The handmaiden of contemporary ambition

A wordy look at what makes us desire success in society and what we can do to overcome the grave anxiety that our pursuit of this success injects into us.

Book: Status anxiety

Author: Alain de Botton

Penguin (2005) –

society

/

lifestyle

We live in a meritocracy with strings attached. We live in a meritocracy where the judgement comes from ameboid social expectations rather than a proper set of rules, where reward is unpredictable but anxiety is guaranteed. We live in a society built atop outward perceptions and driven by an individual’s desire to be highly successful; the desire to achieve, in other words, a high status as measured on the terms of an often fickle society. We live in a society that induces in us what Alain de Botton calls Status anxiety.

The problem

“We each appear to hold within ourselves a range of divergent views as to our native qualities,” says the author. “And amid such uncertainty, we typically turn to the wider world to settle the question of our significance … we seem beholden to affections of others to endure ourselves.” This quote is a great representation of what this book is like and what it deals with. In effortlessly crisp prose Mr De Botton explains why in modern society people experience a constant fear of being perceived as less successful than someone else, or even simply unsuccessful, by the standards of a materialistic society.

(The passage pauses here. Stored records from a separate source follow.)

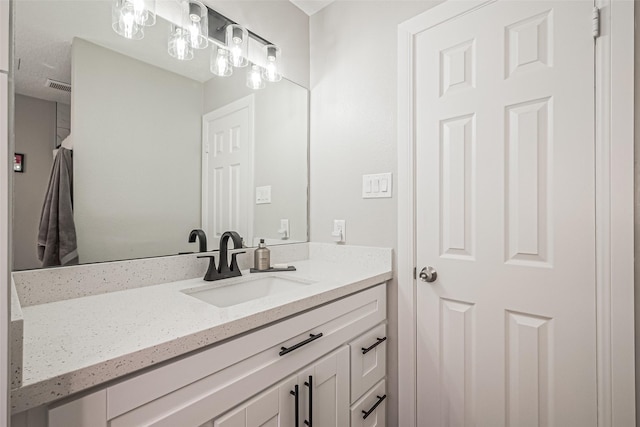 bathroom featuring visible vents and vanity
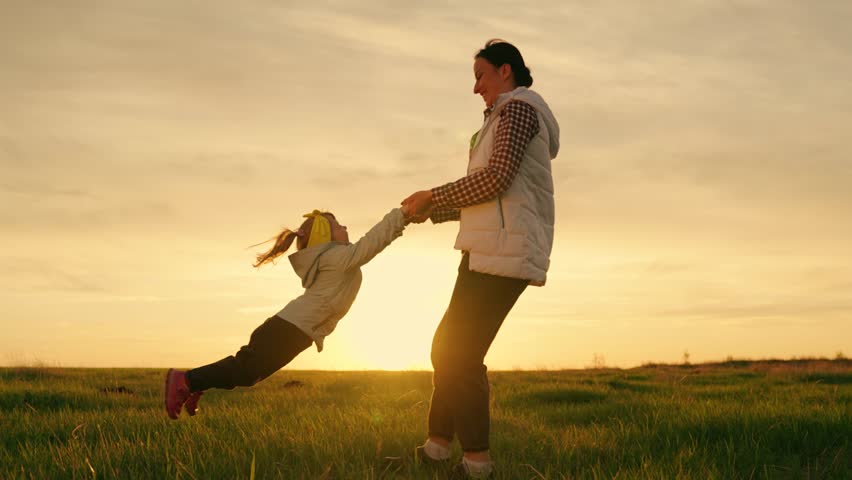 Child having fun in flight. Family weekend nature. Mother spins little daughter on green grass, sunset. Happy family playing on lawn. Baby daughter play with mom, kid fly, mother holding child hands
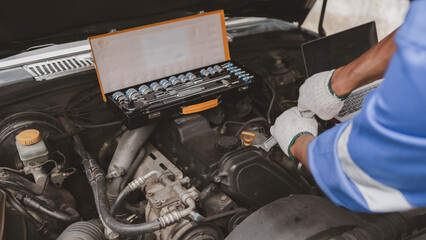 Car mechanic is inspecting the engine of a car coming in for repair at the center. Professional engine specialist, car repair, car breakdown. Car maintenance and repair concept.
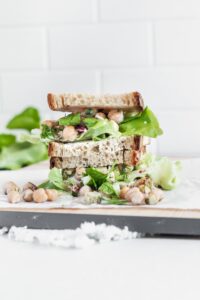 Chickpea Salad Sandwich with bread and lettuce sliced in half to show the inside on a wooden cutting board with a white backdrop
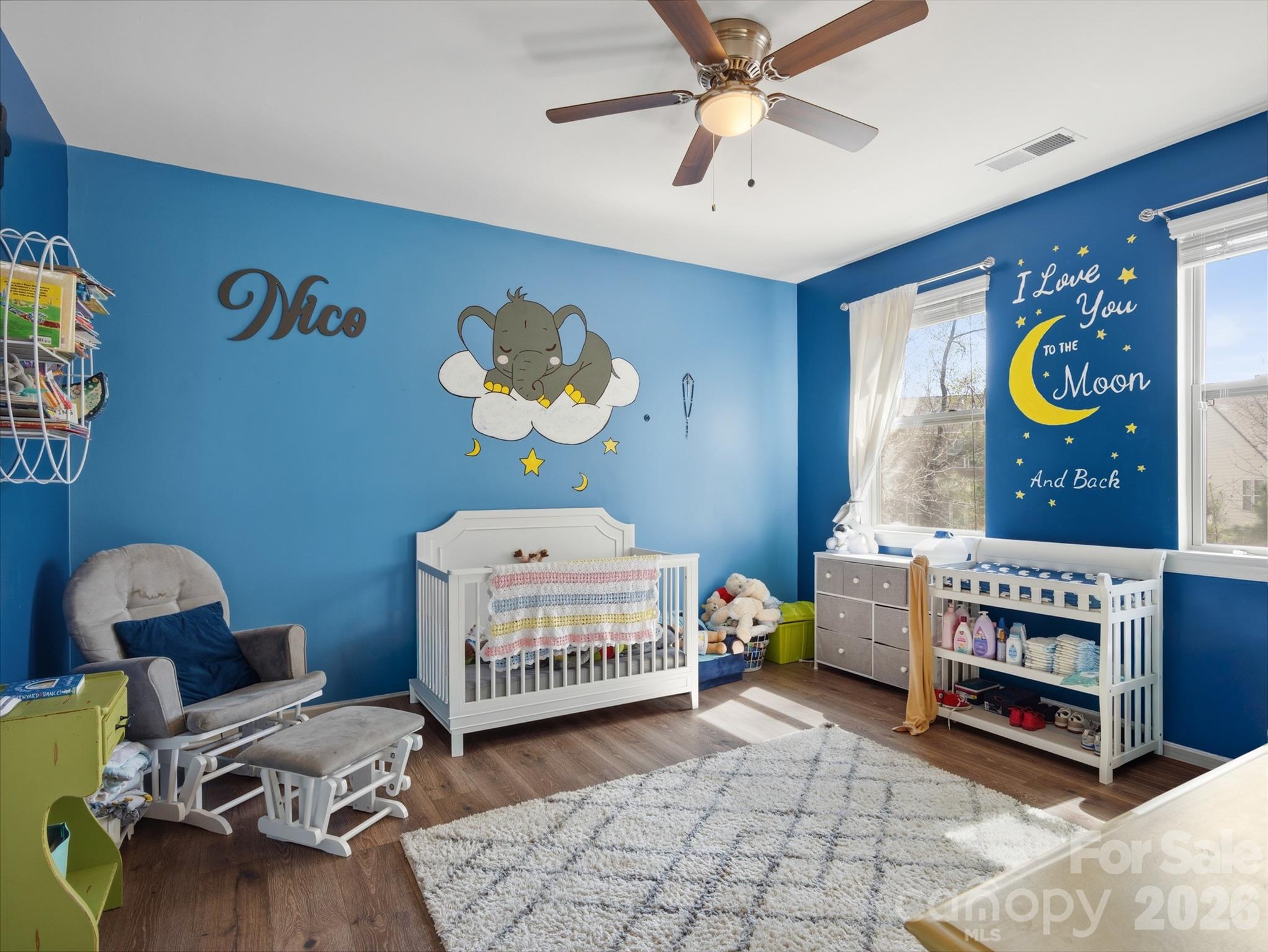 560 Sandbar Point Clover, SC 29710 - Photo 29 of 48 a bedroom with a bed and a chandelier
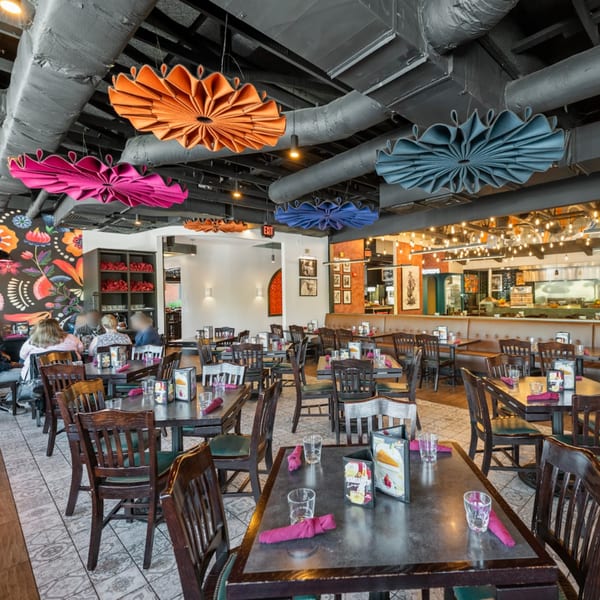 Spacious dining room at Guapo's Cocina & Bar with colorful ceiling decor, dark tables, and patterned floor.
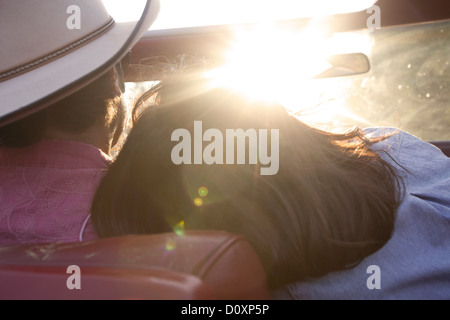 Kopf auf Freundes Schulter ruht, wie er im Sonnenlicht fährt Frau Stockfoto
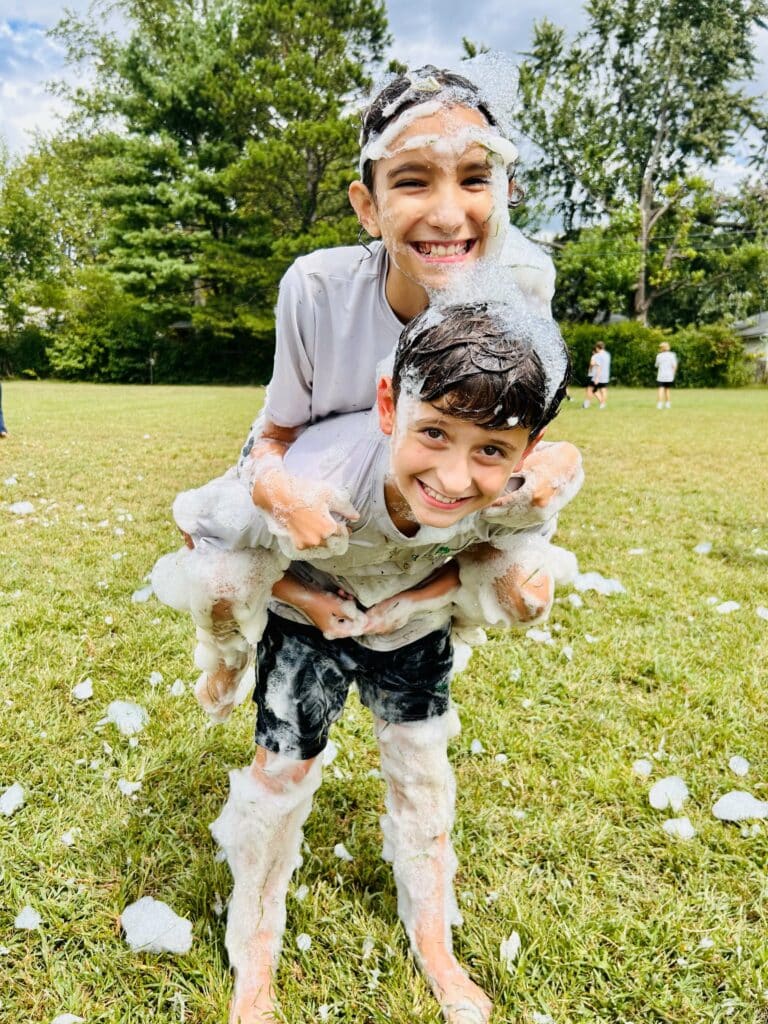Two boys playing in a field covered in foam.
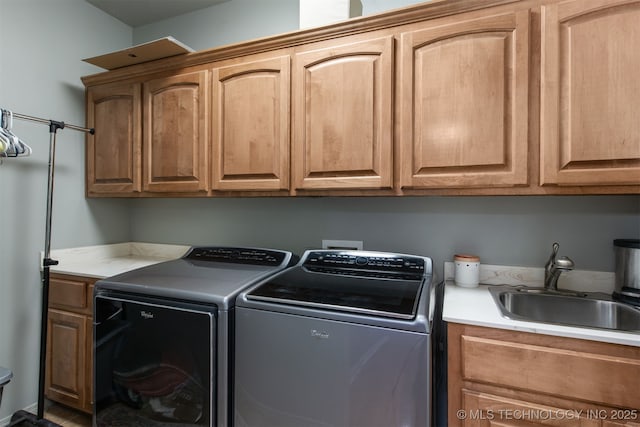 washroom featuring cabinet space, independent washer and dryer, and a sink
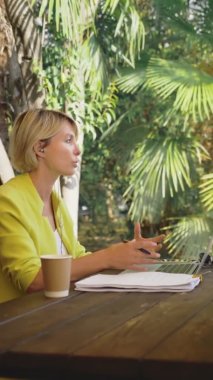 Dikey olarak. İş kadını, açık bir kafede dizüstü bilgisayarla video konferansı düzenliyor.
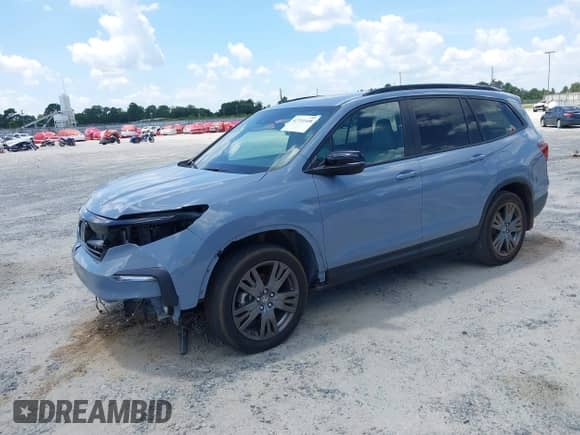 2022 Honda Pilot Sport z VIN 5FNYF5H33NB026470, wystawiony jako IAAI lot #42731448 z przebiegiem 60 018 mil mil oraz . Historia ofert i sprzedaży dostępna na DreamBid. Obrazek 18.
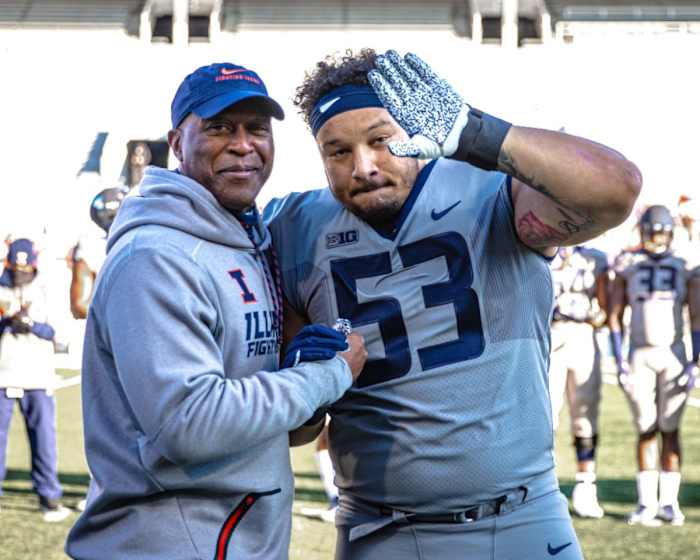 Kendrick Green (53) going through Senior Day celebration as a fourth-year junior with Illinois head coach Lovie Smith before the 35-21 loss to Iowa on Dec. 5, 2020.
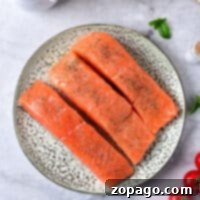 Three raw sockeye salmon fillets rest on a plate with spices, surrounded by cream, mushrooms, cherry tomatoes, and herbs—perfect for learning how to cook sockeye salmon with the finest accompaniments.
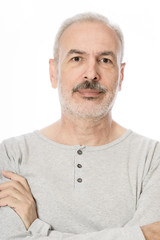 Obraz premium Close up portrait of a smiling attractive senior man looking dir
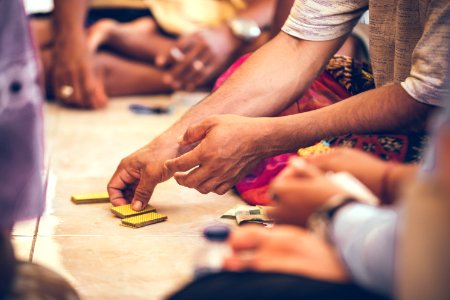 Group Of Balinese Men Playing Cards Sitting On The Floor Bali Island photo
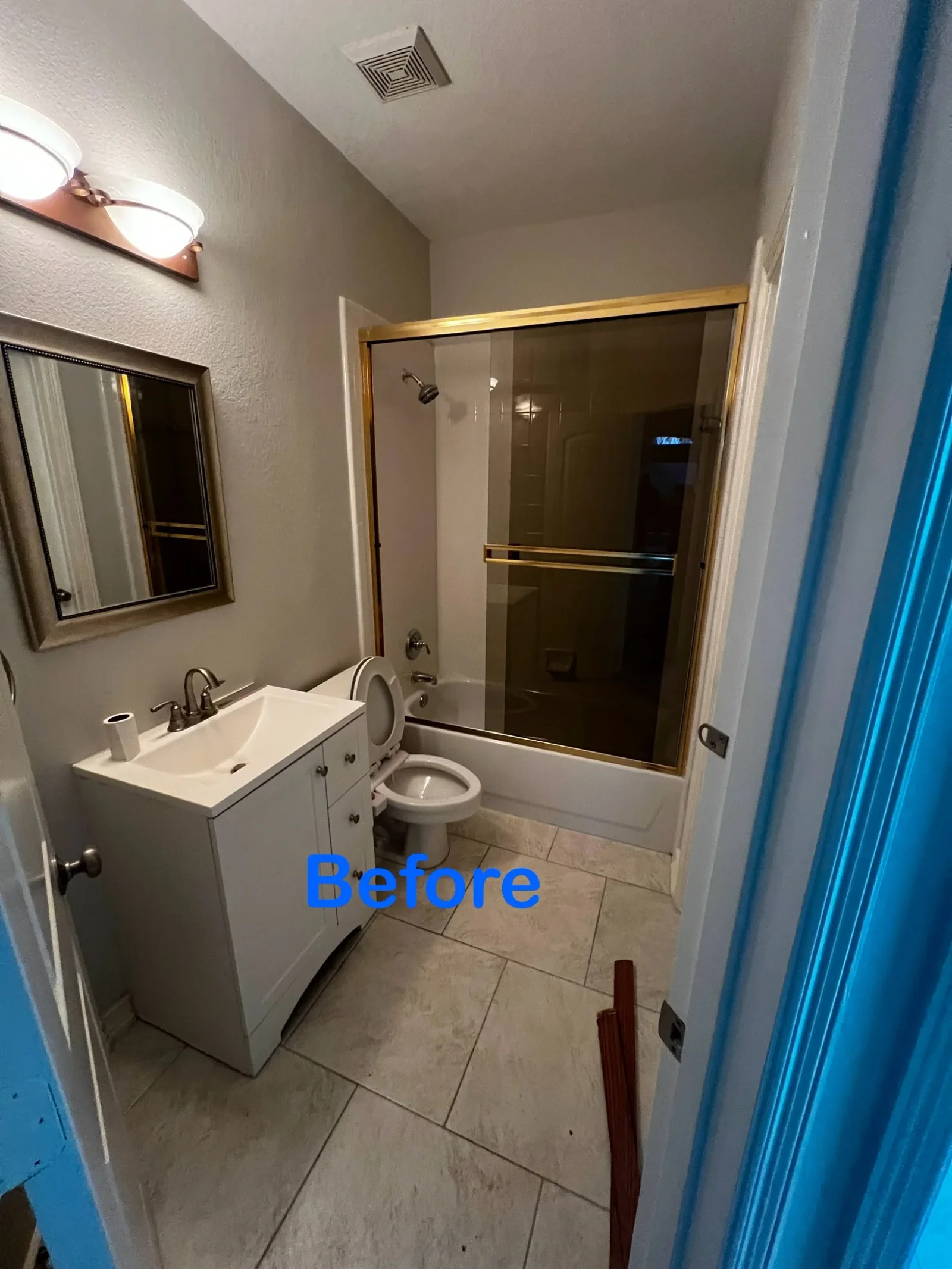Bathroom with ceramic tile flooring, glass shower enclosure with gold frame, white vanity sink, and toilet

He attributes this to five elements: a lack of self love, snobbery, having expectations, the meritocracy referred to earlier, and the presence of dependence.

Mr De Botton first argues that the more we love ourselves the less we look outside us for approval. Next he points out that the presence of snobs in our society means we especially do not wish to be looked down upon by them. In this he makes a particularly interesting argument that luxury as we know it today is simply an attempt at adding material to ourselves to signal how much of loveable equals we are to others.

Not being understood may be taken as a sign that there is much in one to understand.

There are some we take to be our equals. There are some statuses that we believe we are capable of achieving. The former helps us define the latter. We live in a society that has, for good or bad, designed itself to maintain a chasm between the two statuses in our lives—that which we are and that which we think we ought to be—thereby introducing an anxiety built entirely around ‘status’.

It does not help then that our society believes people of higher status are better people—a meritocracy. And in such a world the poor somehow deserve their poverty and the worse-off deserve their status. They are also both worse than the rich and the successful. Being rooted in merits means no external factors matter.

The solution

For all these problems, suggests the author, exist five panaceas: philosophy, politics, art, Bohemia and Christianity.

It is in the last one that my opinions differ wildly from this book but I’m willing to extend it a loose thread and understand the spirit rather than the specific religion in question.

Philosophy introduces to us rationality, says Mr De Botton, and helps us examine others’ opinions for what they truly are. Art is what re-centres our morality, he argues next, showing us facets of life without us having to live them all. This is an argument I particularly favour, and one that I have often used to explain to people why reading fiction is important. In this book the idea stretches to all forms of art, of course, from plays to poetry to painting. In art we recognise ourselves in a most subliminal fashion. We also examine ourselves and can ponder over our deepest virtues and vices.

The desire for high status is never stronger than in situations where ‘ordinary’ life fails to answer a median need for dignity and comfort.

It also helps, says the author, to constantly keep in touch with and re-examine our priorities. It is a failure to do this that clouds our judgement of what truly matters and therefore draws us towards that which society dictates: the accumulation of material wealth as a direct — and troublingly, a reliable — indicator of one’s virtue.

A Bohemian lifestyle, says Mr De Botton, is the final piece of the puzzle. The artistic unconventionality of a Bohemian life naturally takes one away from socially-defined statuses and instead forces one to strive towards being able to hold rich conversation, make and/or appreciate art, and see life for its myriad goodness apart from materialism.

For someone who already believes in its ideas, Status anxiety is simply an example of beautiful prose. For someone struggling with status anxiety, though, this book might just be the elusive panacea.